Arthur Frederick Wright (December 3, 1913 – August 11, 1976) was an American historian and sinologist. He was a professor of history at Yale University.  He specialized in Chinese social and intellectual history of the pre-modern period.

Early life
Wright's undergraduate degrees at Stanford University and Oxford University were followed by further studies at Harvard.  He earned a master's degree in 1940; and he was awarded a doctorate in 1947.

Career
Wright and his wife, Mary C. Wright, joined the faculty of Stanford University in 1947; and both were made full professors in 1958.  In 1959, Wright and his wife joined the faculty at Yale.  In 1961, Wright became the Charles Seymour Professor of History at Yale.

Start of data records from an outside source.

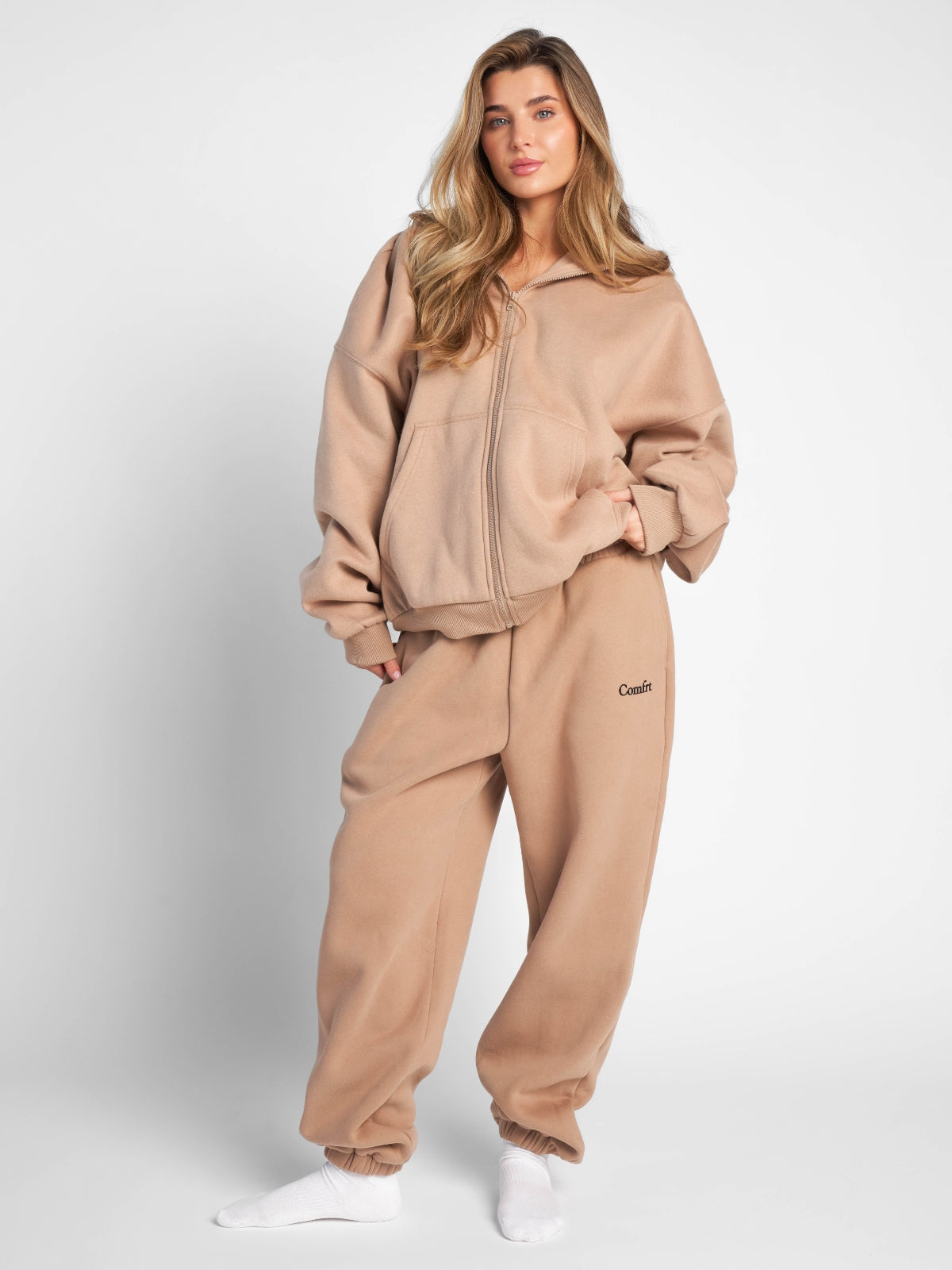Comfrt Cloud Zip Oversized Hoodie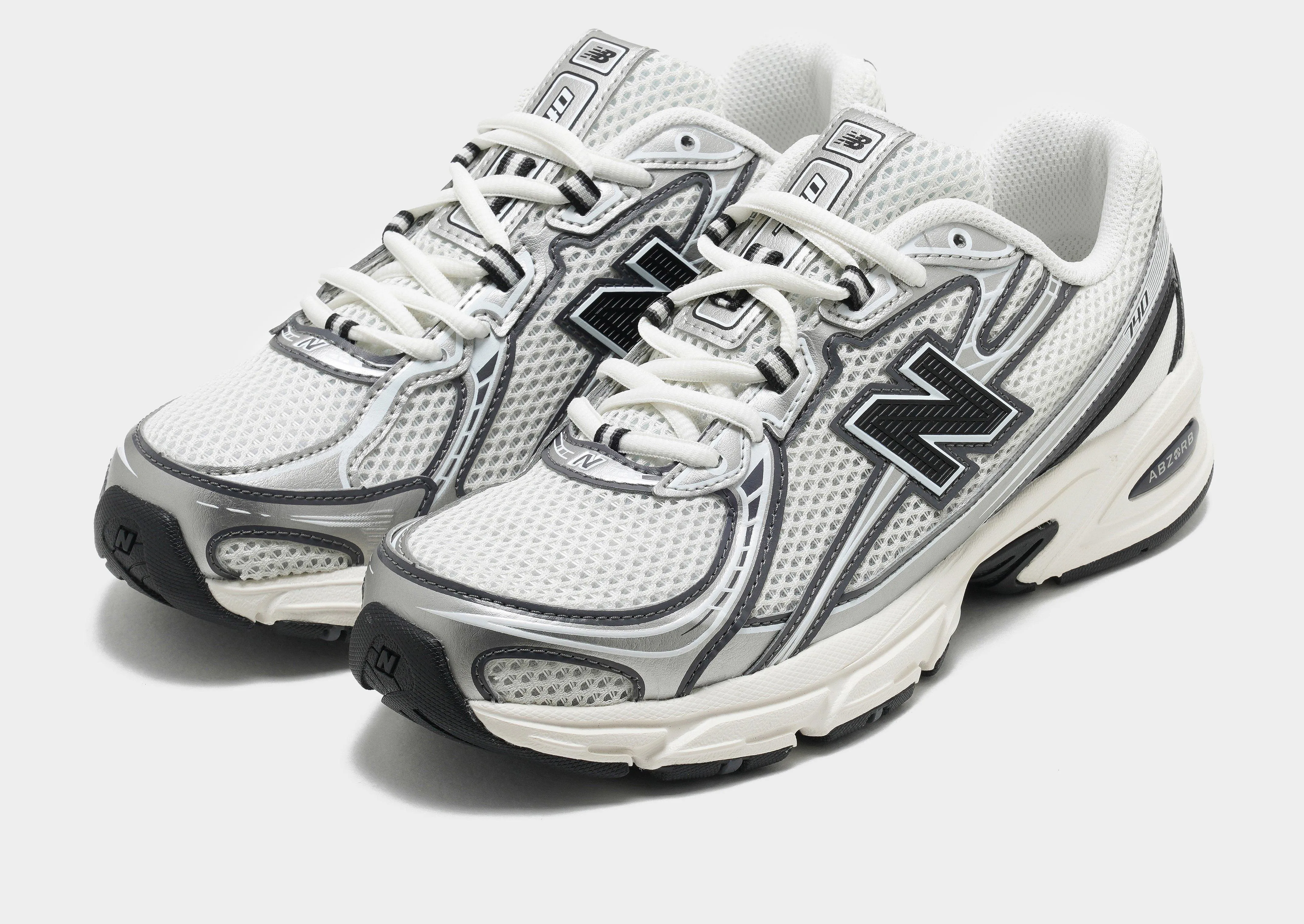 moderate - performance specification shoes 740 Women's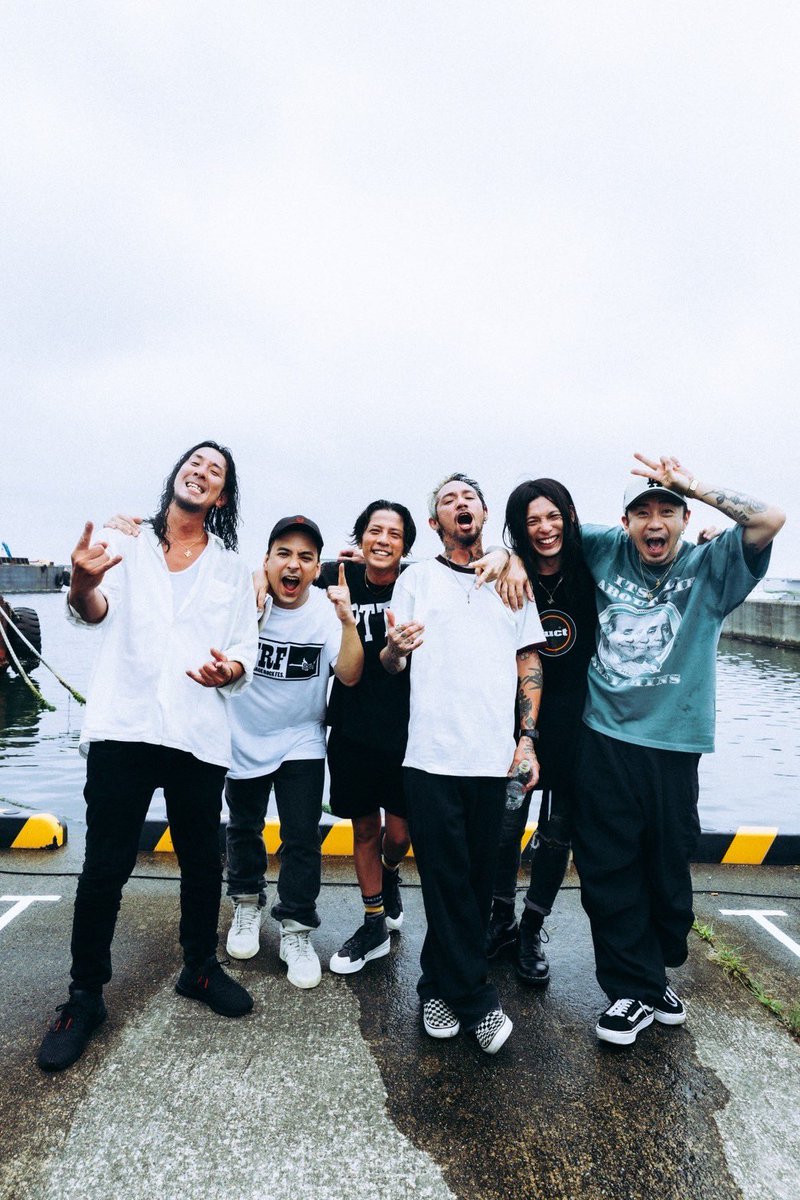 The BONEZ Big Smile Crew neck XL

Wright believed that the scholar "should occasionally stand back and contemplate the whole continuum of time and of problems which give meaning to his specialized studies."

Selected works
In a statistical overview derived from writings by and about Arthur Wright, OCLC/WorldCat encompasses roughly 70+ works in 200+ publications in 6 languages and 8,800+ library holdings.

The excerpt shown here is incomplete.